Pensar respostas à atual crise passa necessariamente em conduzir da melhor maneira possível a política econômica. Foram os excessos em termos de política monetária, via taxas de juros muito baixas, que produziram em última instância, as bolhas em diversos mercados de ativos (imobiliário, inclusive). A correta condução dos mecanismos monetários é a melhor maneira de evitar abusos e excessos por parte das instituições financeiras. Isto porque, ninguém em sã consciência preconiza uma economia de mercado onde não exista um complexo sistema financeiro. Além disso, deve-se ter em mente que o lado fiscal deve obedecer aquilo que foi preconizado por Keynes: deve ser superavitário nos momentos de crescimento e deficitário nas recessões. Insistir em déficits ad infinitum só dificultara as respostas de política econômica nos momentos de crise econômica.
Nesse contexto, o mundo deverá caminhar para um ponto de racionalidade ou ver definhar ainda mais a confiança dos agentes econômicos. A política econômica terá de voltar a ser um instrumento eficiente de correção dos ciclos. E isso só voltará a acontecer se ajustes fiscais forem feitos. Não há alternativa: ou os países europeus endividados incorrem em ajustes em seus orçamentos, ou não terão credibilidade para rolar suas dívidas. Isso seria cobrado em termos de spreads altos ou simplesmente em inexistência de demanda por seus títulos soberanos.

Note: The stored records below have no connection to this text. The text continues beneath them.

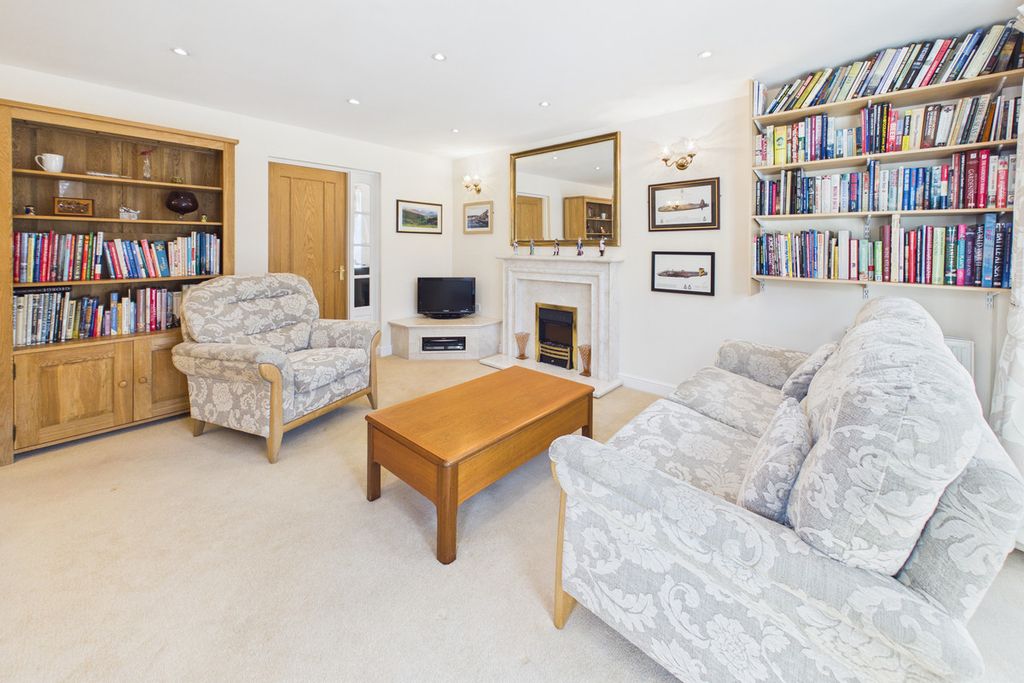 Property photo 2 of 27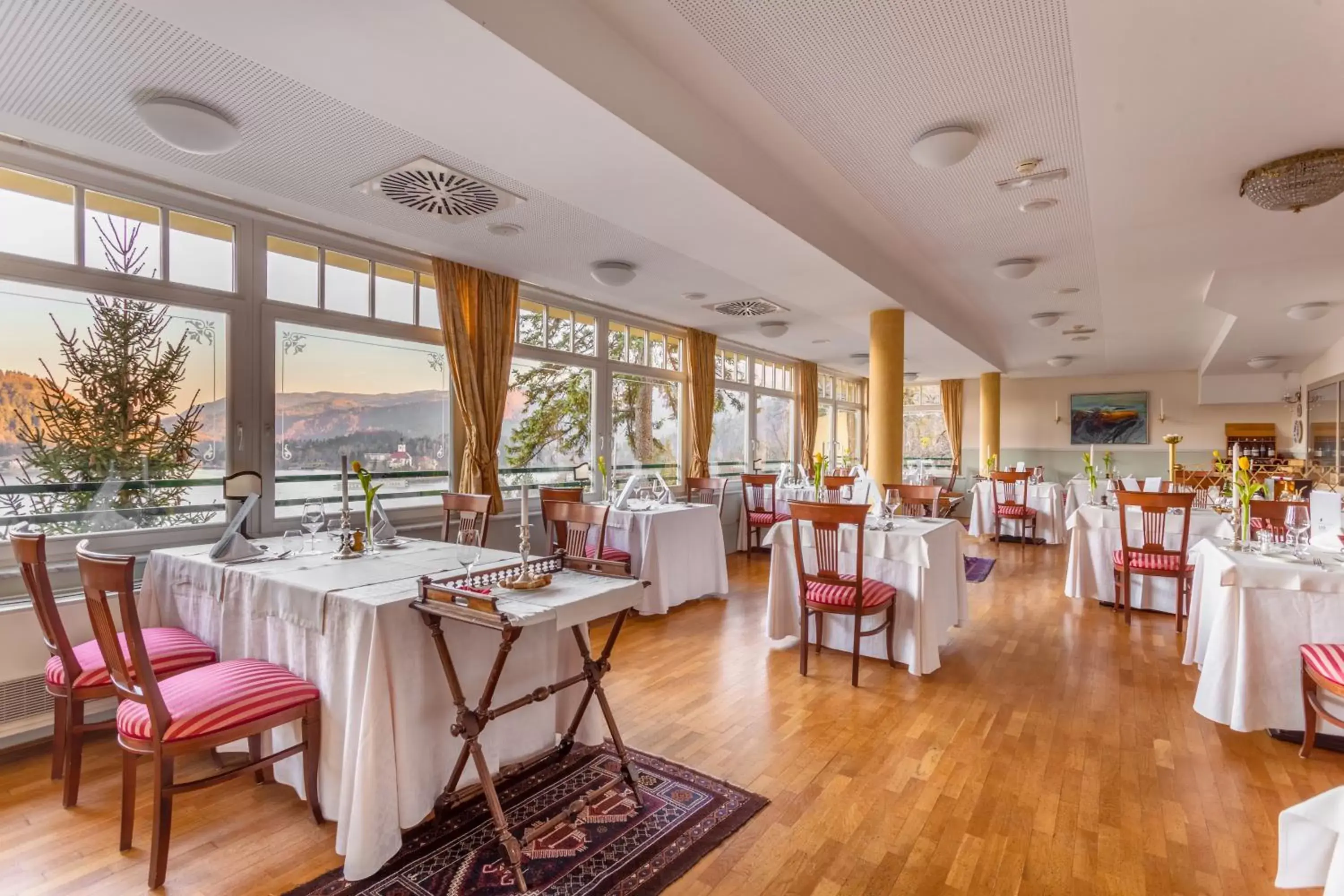 Restaurant/Places to Eat in Hotel Triglav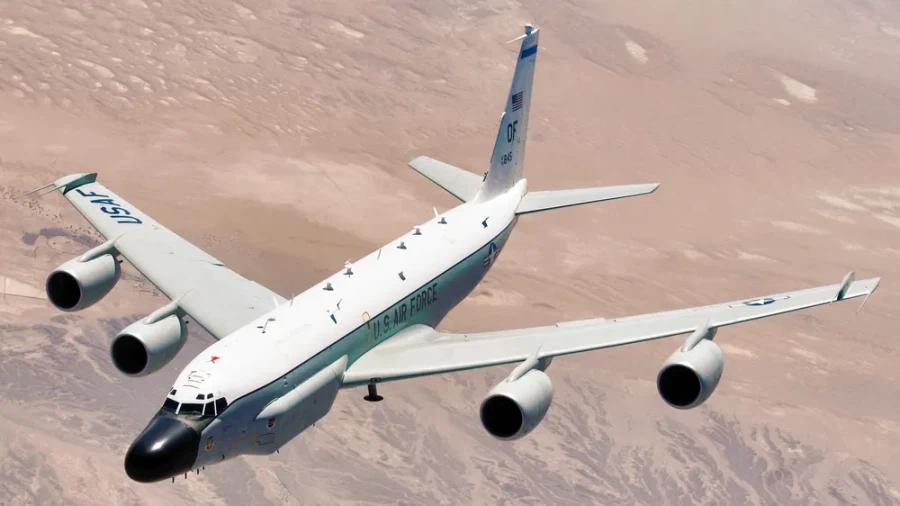 얼굴 찡그리는 비행기_1.webp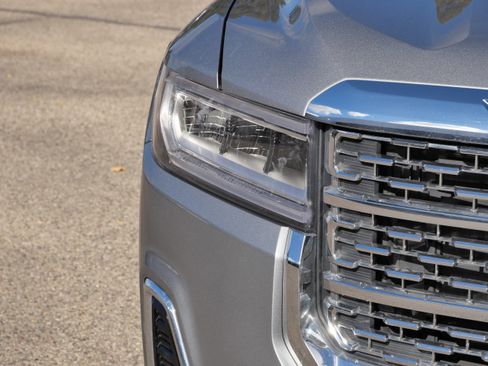 Used 2023 GMC Acadia Denali w/ Denali Ultimate Package image 3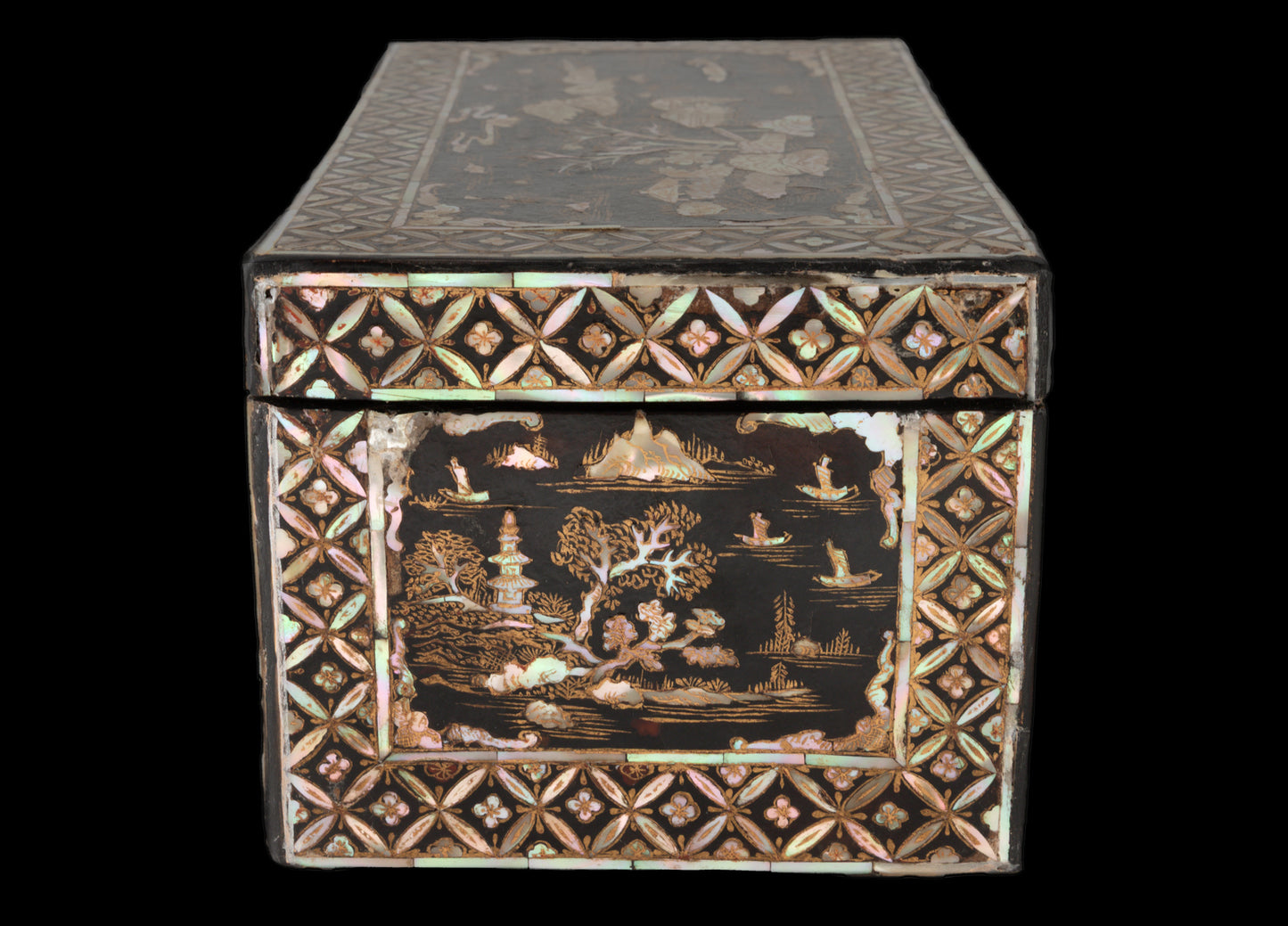 Caixa Lacada Ornamentada, Japão, Período Edo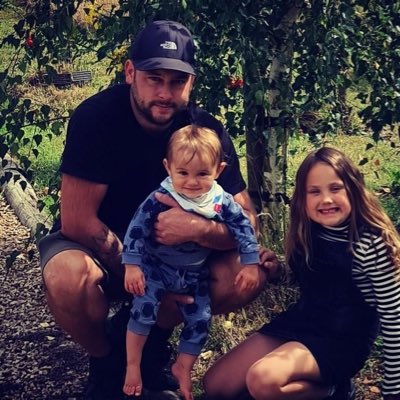 Too Greezey tweet media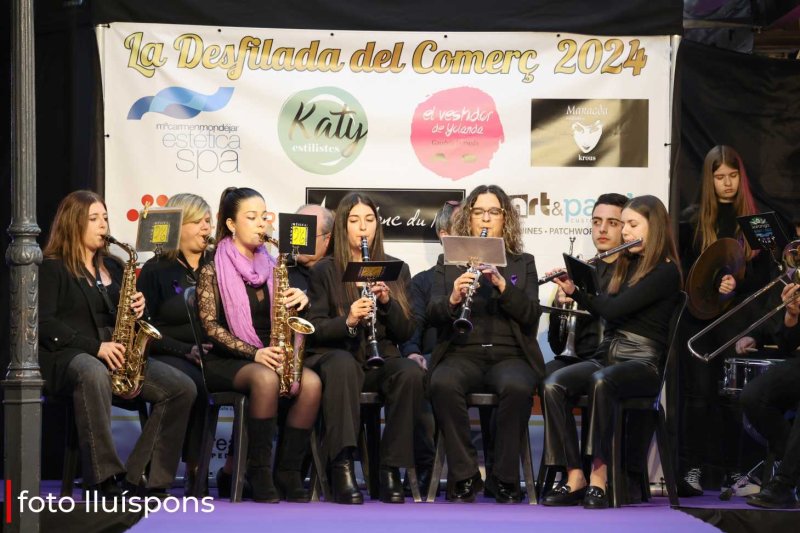 La gran desfilada del Comerç de Pedreguer va més enllà de la moda i complements i innova amb altres sectors La gran desfilada del Comerç de Pedreguer va més enllà de la moda i complements i innova amb altres sectors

Já em relação aos EUA, a situação é um pouco mais complicada. Ajustes ficais são necessários para gerar credibilidade perante os agentes econômicos. Altos déficits e elevado endividamento, somados a curto prazo de maturação de títulos sugerem alto risco de inadimplência (default). Ocorre, porém, que os EUA detém uma moeda de reserva, sendo o porto seguro onde agentes de todo o mundo exercem sua “preferência por liquidez”. Em assim sendo, e enquanto não houver um substituto a altura, a política econômica norte-americano pode continuar disfuncional. Daí se origina uma pretensa soberba dos Republicanos (a oposição) em relação aos termos de fuga da crise. Em assim sendo, calmaria nos mercados só mesmo quando o resultado das eleições de 2012 for retirado das urnas. Mas não se engane: a resposta virá com mudanças profundas na política econômica, dado que essa desfuncionalidade não pode se perpetuar no tempo. E os próprios republicanos sabem disso.
Sendo assim, leitor, espera-se mais volatilidade e baixo crescimento para os próximos anos. As soluções convergem para mudança na condução da política econômica. Seja em termos mais abstratos, como maior supervisão bancária, seja em termos mais pragmáticos como maior cuidado no mix de política. Os países endividados terão de reduzir gastos, implementando algo como o superávit primário brasileiro para orientar suas políticas fiscais. União fiscal na Europa está fora de cogitação, ao menos por enquanto. Em termos de política monetária, é preciso observar que juros baixos por muito tempo não necessariamente reanimam a economia (vide o Japão e o capítulo 17 da Teoria Geral). E solução mesmo, estrutural, é coisa que só ocorreria se o modelo econômico fosse outro. Como estamos falando de economias de mercado, o jeito é esperar agonizando.